Input data:
- Opening Delimiter -

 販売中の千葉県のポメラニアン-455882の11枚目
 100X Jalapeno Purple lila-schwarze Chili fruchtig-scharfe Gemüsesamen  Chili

- Closing Delimiter -
- Opening Delimiter -

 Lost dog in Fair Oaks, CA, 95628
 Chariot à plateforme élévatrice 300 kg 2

- Closing Delimiter -
- Opening Delimiter -

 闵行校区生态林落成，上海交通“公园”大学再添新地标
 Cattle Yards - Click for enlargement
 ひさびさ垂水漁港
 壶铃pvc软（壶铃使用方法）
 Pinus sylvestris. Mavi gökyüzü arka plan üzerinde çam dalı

- Closing Delimiter -

Work instructions:
Starting at the line that has "Cattle Yards - Click for enlargement" in the records above, restate word for word every line until the one that has "Pinus sylvestris. Mavi", and include that one as well.

Exercise answer:
 Cattle Yards - Click for enlargement
 ひさびさ垂水漁港
 壶铃pvc软（壶铃使用方法）
 Pinus sylvestris. Mavi gökyüzü arka plan üzerinde çam dalı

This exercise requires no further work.